Microsoft Director of Search Stefan Weitz explains that the future of machine learning consists of teaching artificial intelligence to identify patterns. This will allow, for instance, a search engine to critically analyze your search queries rather than simply scouring the web’s index of results.
Stefan Weitz: So machine learning. What is machine learning? Machine learning really is teaching machines how to find patterns in large amounts of data. The way it works is you’ve got a black box. Think of this as just this set of algorithms in the center that can turn a mass of unstructured data or a mass of confusing data into something which is less confusing and more structured. So what happens is you basically tell the machine, "I’m going to give you all this input on this side and I’m going to tell you what the input should look like post-processing on this side." So you kind of give it the hint. And what it does is the machine says, "Okay, well how do I get from point A to point B?" And it builds, in essence, a pattern to say, "Oh, okay, when I see all this data, to get to this structured set of data I have to do all these computations in the middle to move it from unstructured or messy to structured and beautiful." And that can apply not just to data. It can apply to anything. It can apply to faces. It can apply to types of cats. Whatever it might be you’re basically saying, "Hey machine, this is a cat."

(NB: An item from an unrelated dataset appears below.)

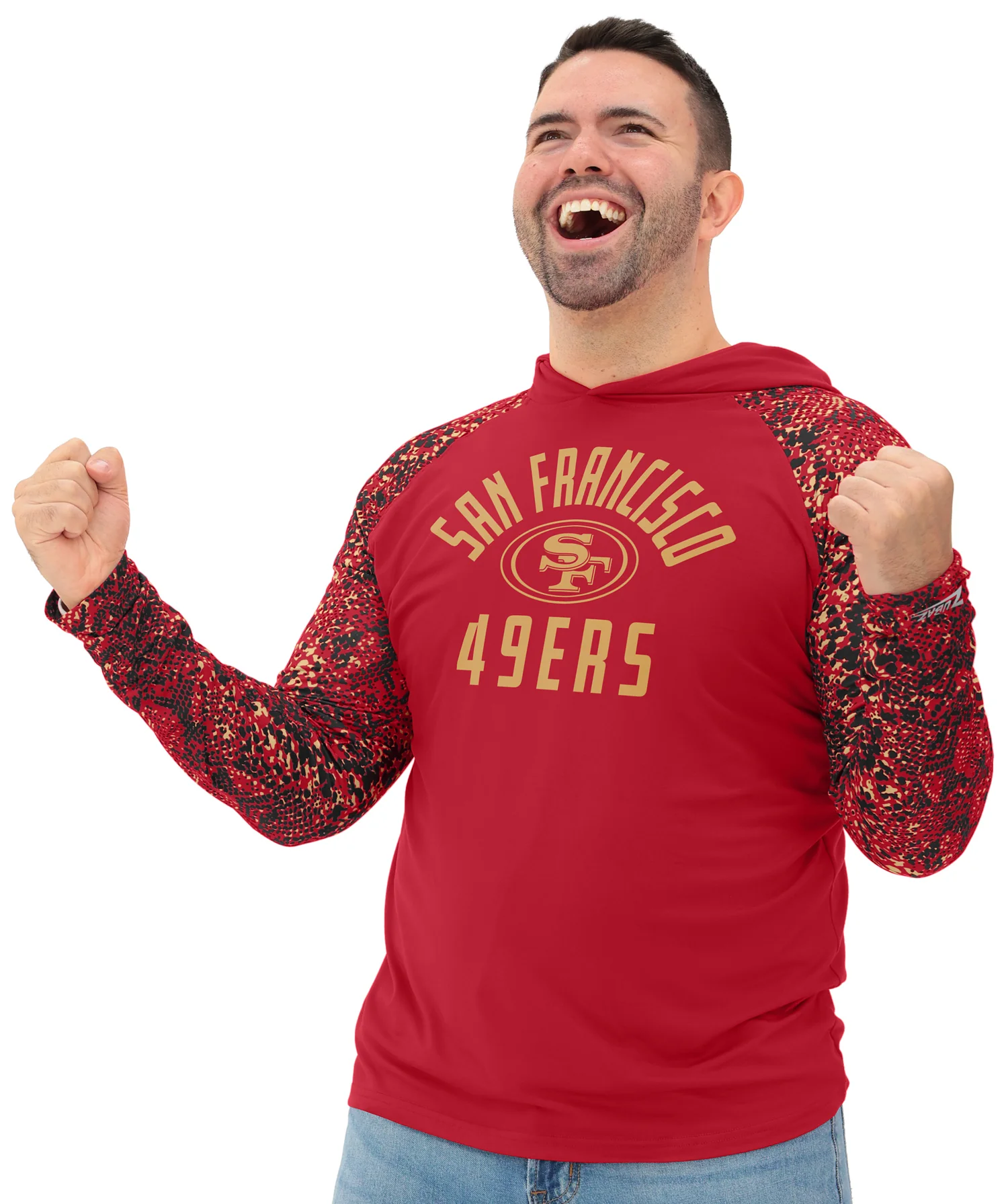 Zubaz NFL Men's Formation Post Sleeves Lightweight Hoodie, SAN FRANCISCO 49ERS - Image 17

And it says, "Okay, when I see two eyes and a little pink nose and some whiskers — it doesn’t actually say this, but that’s what it’s thinking — then that is a cat." So you teach machines, in essence, to recognize patterns in data, in pictures and whatever it might be. So that’s machine learning basically. You’re in essence helping machines find patterns in massive amounts of data. How does it apply to things like natural language? Well the beauty of machine learning, the beauty of things called deep neural networks allow in essence machines to not think like humans; that’s too much of a stretch. But certainly operate in the same way that we operate. The same way that, for example, when you’re a child you might see a ball on the floor. You don’t know what it’s called. You don’t know how it’s constructed or anything else, but over time people, as you’re walking around the house, your mom or your dad will say, "Look at that ball," or, "Go get the ball." And so what’s happening is that over time you’re getting reinforced that when you see an object on the floor that is stationary and has a certain circumference and looks a certain way you begin to understand ah, that’s a ball, because you’ve heard it over and over again. And machine learning and natural language processing operates much the same way except instead of having your mom or dad point at the thing and say, "That’s a ball three or four times," machines now have trillions of observations about the real world so they can learn these things much, much faster. So for NLP, it’s critical because our ability to interact with search really is predicated on the system’s understanding of what it is we are asking.
Traditionally again machines will return back results or web pages based on the keywords that we put into the box. But if I were to ask a search engine, "Why is there no jaguar in this room?" today we would get back five and a half million results for that question, none of which make any sense of course. With natural language suddenly because the search systems understand what a jaguar is — it’s a car; it’s a sports team I think; it’s an animal; it’s a mammal of some sort. It understands what a room is. It understands the construct of that sentence. When you ask a search engine in the very near future why is there no jaguar in this room, the response will not be 5.6 million results. It’ll be a question back to you saying, "What do you mean?" Like are you asking why there’s no Jaguar car in this room? Are you asking why there’s no jaguar animal in this room? And then, yes, I meant the second one. Why is there no jaguar animals in this room? And because again the search engine understands what jaguar is, an animal is and where they usually live. And then it says "Well because you’re not in a jungle and jaguars generally don’t live in conference rooms like this." And so an NLP becomes very exciting because it’s modeled on the notion that the system, that the search system understands the physical world, everything in it and how all those things relate to each other. And so suddenly now you begin to be able to engage in dialogue just as you and I would do as humans. When we have a question on meaning or intent or context we engage in clarifying questions. That’s what will happen with NLP and search and is already happening today in certain cases.